Tetanus Vaccination Information

The Summary of Product Characteristics (SmPC) for the individual vaccine should be consulted for specific information relating to the product [16,17,18]. Tetanus toxoid vaccine is now only available as a combination vaccine.

Indications for use of vaccine

For immunization against diphtheria and/or tetanus and/or polio in travellers over 10 years, who need a primary course or booster doses [10].

Travellers to areas where medical attention may not be accessible if a tetanus prone injury occur and whose last dose of a tetanus-containing vaccine was more than 10 years previously, should receive a booster dose of Td/IPV, even if the individual has received 5 doses of vaccine previously.

Availability of vaccine

Details of the current tetanus-containing vaccines are found in the summary table.

Vaccine Schedules [16,17,18]

Click here for vaccine schedules in PDF (opens in a new window)

Interrupted courses

It is not necessary to restart an interrupted series of a vaccine or toxoid or to add extra doses; the normal schedule should be resumed as soon as possible. Longer than recommended intervals between doses do not reduce final antibody concentrations, although protection may not be attained until the recommended number of doses has been administered.

Pediacel® [16]

There is no data regarding the administration of Pediacel® for one or two doses and use of different vaccines for other doses. Therefore it is recommended that infants who receive Pediacel® for the first dose should also receive this vaccine for the second and third doses of the primary immunisation series.

Repevax® [17] & Revaxis® [18]

Not applicable, single dose.

Contraindications [10,16,17,18]

Confirmed anaphylactic reaction to a previous dose of a tetanus containing vaccine or

A confirmed anaphylactic reaction to neomycin, streptomycin or polymyxin B (which may be present in trace amounts).

If an individual is acutely unwell, immunisation may be postponed until they have fully recovered. This is to avoid wrongly attributing any new symptom or the progression of symptoms to the vaccine.

Neurological complications of unknown origin within 7 days of previous vaccination

Adverse Events

Pediacel® [16]

In controlled clinical studies performed with Pediacel®, 71% of 451 infants immunised at 2, 4 and 6 months experienced a reaction (pain, erythema or oedema) at the injection site within the first 24 hours after vaccination. Also 64% of infants experienced a systemic reaction, which was of moderate to severe intensity in 16%.

Repevax® [17]

Children 5 to 6 years old

In a clinical study, children were primed at 3, 5 and 12 months of age with a DTaP vaccine with no additional dose in the second year of life. These children received Repevax® at 5 to 6 years of age. The most frequently reported adverse events occurring during the first 24 hours included the following:

Very common (>10%): injection site pain and swelling; fatigue

Common (1-10%): injection site erythema and pruritis; fever > 38ºC

Uncommon (0.1%-1%): Diarrhoea, vomiting

The rates of general symptoms after the first day but within 10 days after vaccination were low; only fever (> 38ºC) and fatigue were reported in >10% of subjects. Transient severe swelling of the upper arm was reported in <1% of subjects.

Children 3 to 5 years old

150 children primed at 2, 3 and 4 months of age with DTwP vaccine (with no additional dose in the second year of life) received Repevax® at 3 to 5 years of age.
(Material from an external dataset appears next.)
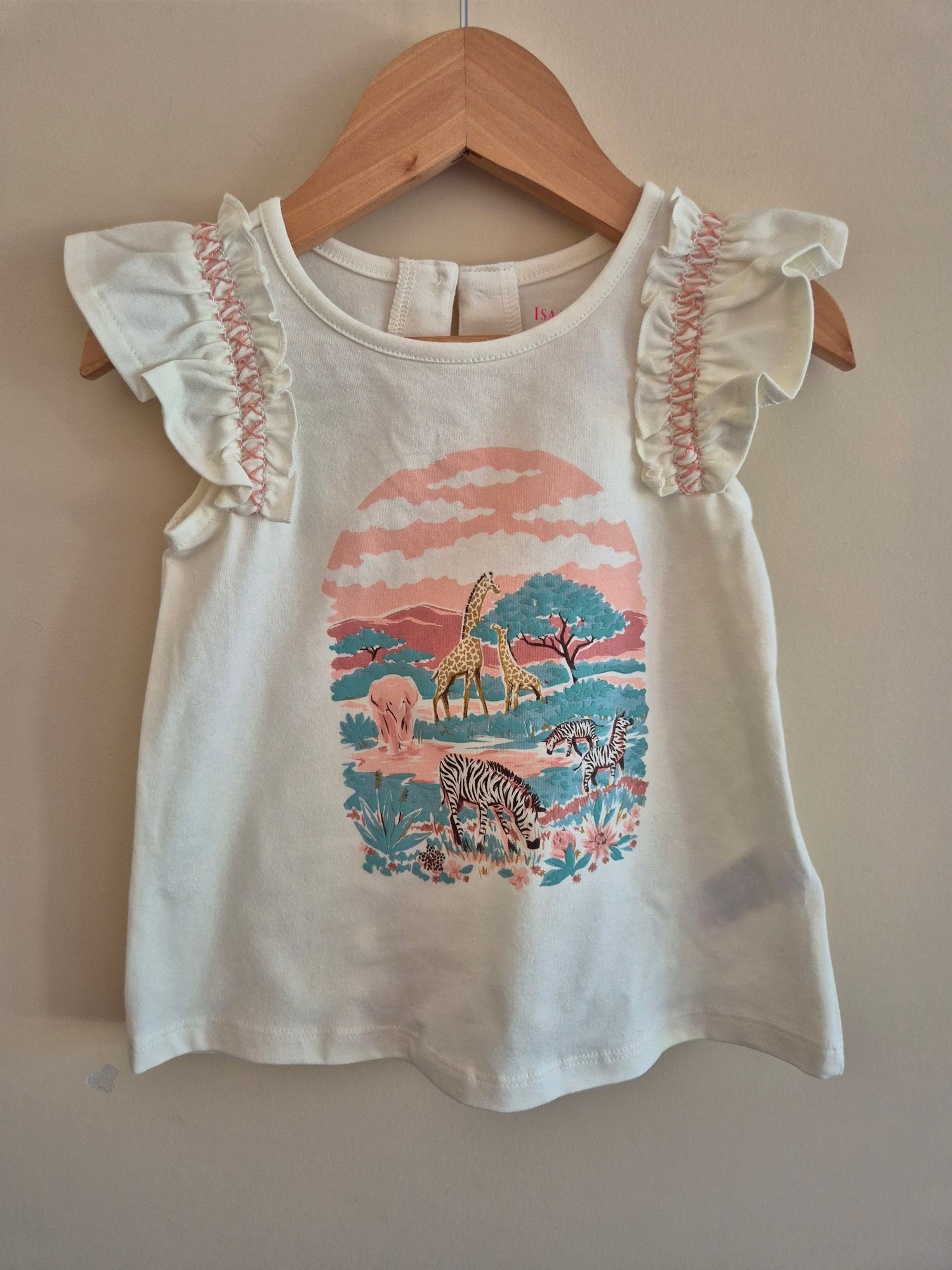 Isacc Mizrahi Shirt Size 1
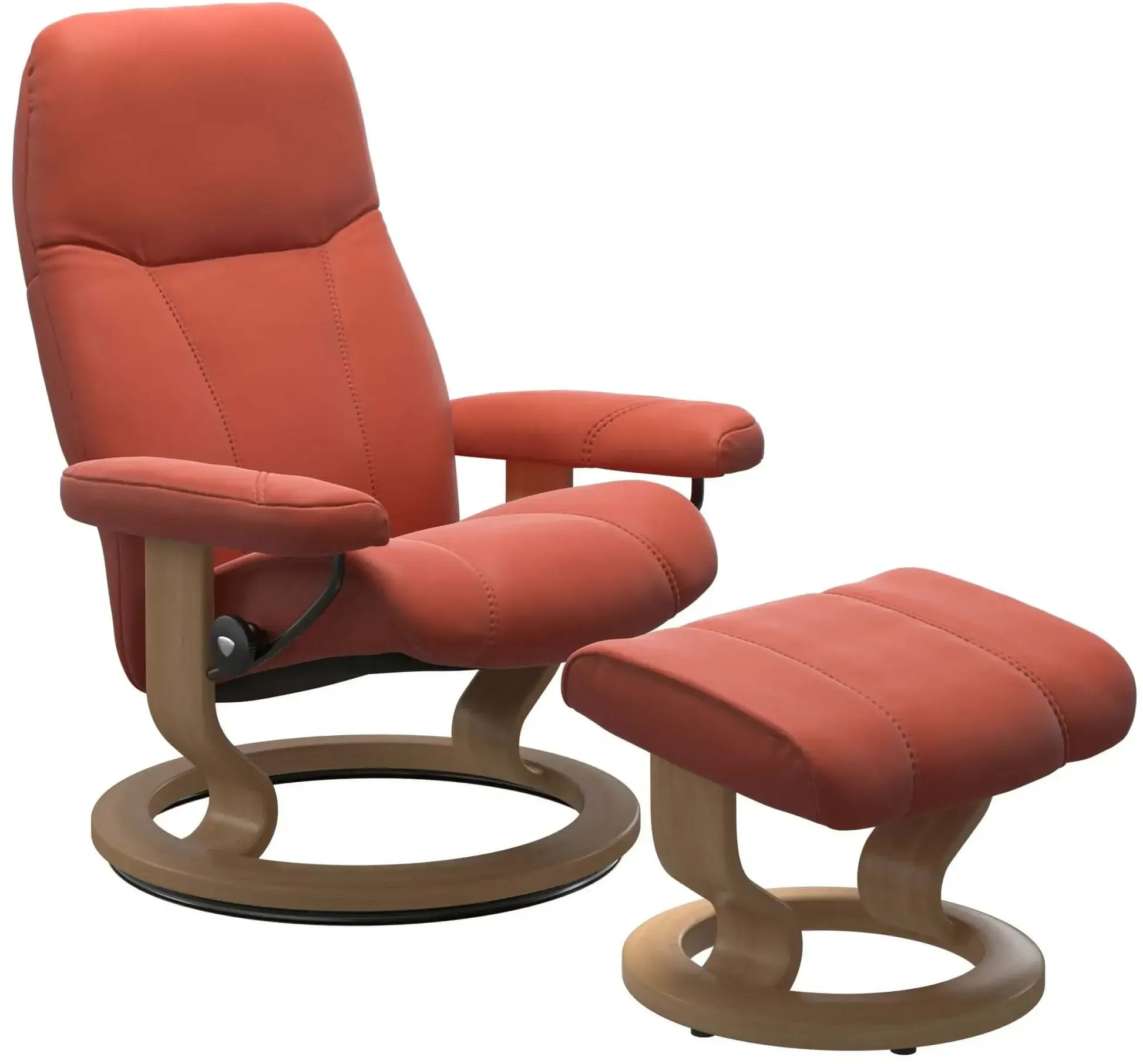Stressless Consul Classic | in Leder Batick Batick Henna M Eichefarben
The most frequently reported adverse reactions occurring during the first 7 days included the following:

Very common (>10%): injection site pain, erythema and swelling; fatigue, fever >37.5ºC, irritability

Common (1-10%): injection site bruising and dermatitis; diarrhoea, vomiting and rash

Revaxis® [18]

In clinical studies, the most common events occurring after vaccine administration were local injection sites reactions (pain, erythema, induration and oedema) reported by 65 to 80% of subjects in each trial. These usually had their onset with the 48 hours following vaccination and persisted for 1 to 2 days. These reactions are sometimes accompanied by injection site nodules.

References

1. Centers for Disease Control and Prevention. Chapter 6. Tetanus in National Immunisation Program. Pink Book 10th ed. Atlanta: CDC; February 2007. Available at:

http://www.cdc.gov/nip/publications/pink/tetanus.pdf

2. Health Protection Agency. Notifications, Deaths and Vaccine Uptake Rates, 1985 – 2004 [online] London: HPA; 2004. Available at http://www.hpa.org.uk/infections/topics_az/tetanus/teta_t02.htm.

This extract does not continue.